El origen de la medida proviene del factor Grok, el asistente de IA de la mencionada Red Social, la urgencia legislativa se intensificó tras los incidentes ocurridos entre diciembre y enero. Durante ese periodo, usuarios de X, propiedad de Elon Musk generaron millones de imágenes manipuladas, conocidas como «deepfakes» o «ultrafalsos», aprovechando las capacidades del asistente Grok. Según datos del Center for Countering Digital Hate, en solo once días se produjeron tres millones de estas imágenes, incluyendo más de 33.000 que involucraban a menores.

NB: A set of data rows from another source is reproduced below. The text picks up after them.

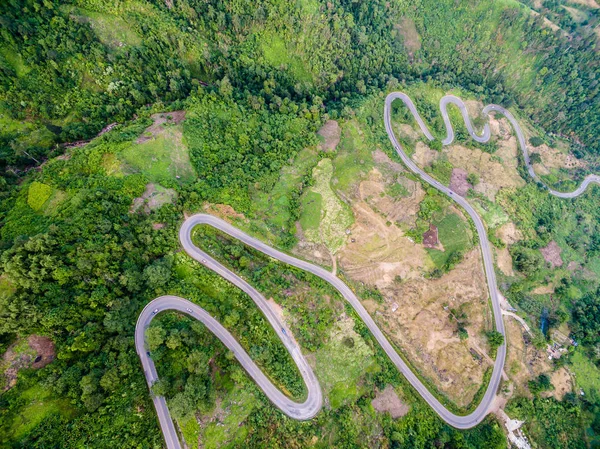 Aerial view of crooked path of road on the mountain, Shot from d — Stock Photo, Image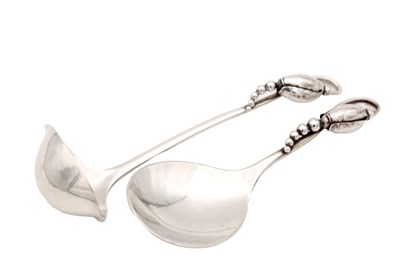 Lot TWO EARLY 20TH CENTURY GEORG JENSEN SILVER SPOONS MAGNOLIA PATTERN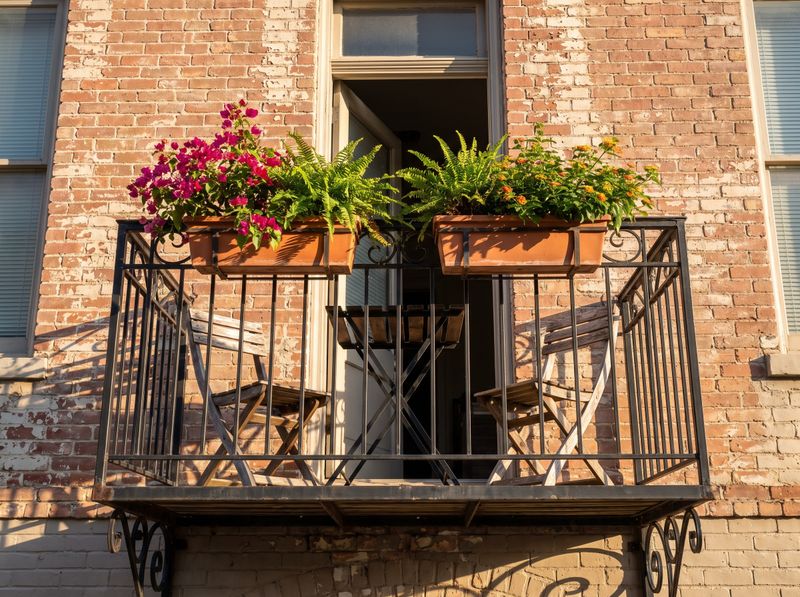 Compact Iron Balcony with Terracotta Planters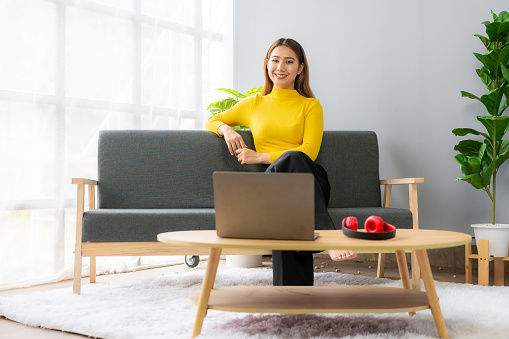 Beautiful happy smiling Asian woman relaxing using laptop computer in living room at home. Creative woman working online.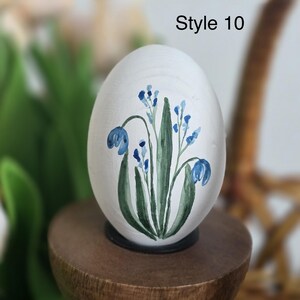 May include: A set of three ceramic mugs with a speckled, matte finish. The mugs are in shades of cream, light gray, and dark gray. Each mug has a simple, minimalist design and a rounded handle. The mugs are suitable for coffee, tea, or other beverages.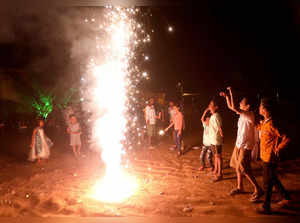 Children react as they light fireworks to celebrate Diwali in Mumbai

Ante este escenario, la propuesta impulsada inicialmente por España recibió un respaldo mayoritario. Países como Francia, Alemania, Irlanda y Bélgica, entre otros, se sumaron a la iniciativa en el Consejo Europeo para garantizar que la futura Ley de IA penalice estas prácticas de forma específica.
Nuevas restricciones y plazos
El acuerdo alcanzado por los embajadores europeos introduce una disposición clara: se prohíbe cualquier sistema capaz de generar, manipular o reproducir imágenes, vídeos o audios realistas que muestren partes íntimas o actividades sexuales sin el consentimiento expreso de la persona afectada. Esto incluye de forma prioritaria el material de abuso sexual infantil.
Además, el texto define un cronograma para la implementación de las normas de alto riesgo: 2 de diciembre de 2027: Para sistemas de IA de alto riesgo independientes. 2 de agosto de 2028: Para aquellos sistemas integrados en productos finales.
Hacia el “Ómnibus Digital”
Esta reforma se integra en el llamado “Ómnibus Digital”, un paquete legislativo presentado por el Ejecutivo comunitario en noviembre del 2025, que busca simplificar el marco normativo y reducir las cargas burocráticas para las empresas, sin sacrificar la seguridad de los ciudadanos.
Ahora, el texto pasará a la fase de trílogos (negociaciones entre el Consejo, la Comisión y el Parlamento Europeo), cuya mediación está prevista para principios de abril. El objetivo, según fuentes diplomáticas, es equilibrar la protección de los derechos fundamentales con el impulso a la competitividad y la innovación en Europa.
La respuesta de las plataformas
Aunque la polémica obligó a Elon Musk a restringir la creación de imágenes a usuarios de pago y a endurecer los filtros de Grok, el sistema sigue presentando lagunas. Si bien sus políticas actuales prohíben generar contenido sexual de personas reales, la ambigüedad en ciertos supuestos mantiene en alerta a los reguladores europeos, quienes buscan que la ley sea lo suficientemente sólida para evitar cualquier vacío legal en el futuro.

Es oportuno recordar que la polémica global, se agravó luego de que se descubriera que Grok, desarrollada por xAI, empresa de Musk, pudiera generar masiva de deepfakes sexuales sin consentimiento, incluyendo imágenes manipuladas de menores de edad, con un solo botón. El caso ha generado preocupación por la falta de controles efectivos en la tecnología y ha provocado investigaciones, bloqueos y debates regulatorios en distintas partes del mundo.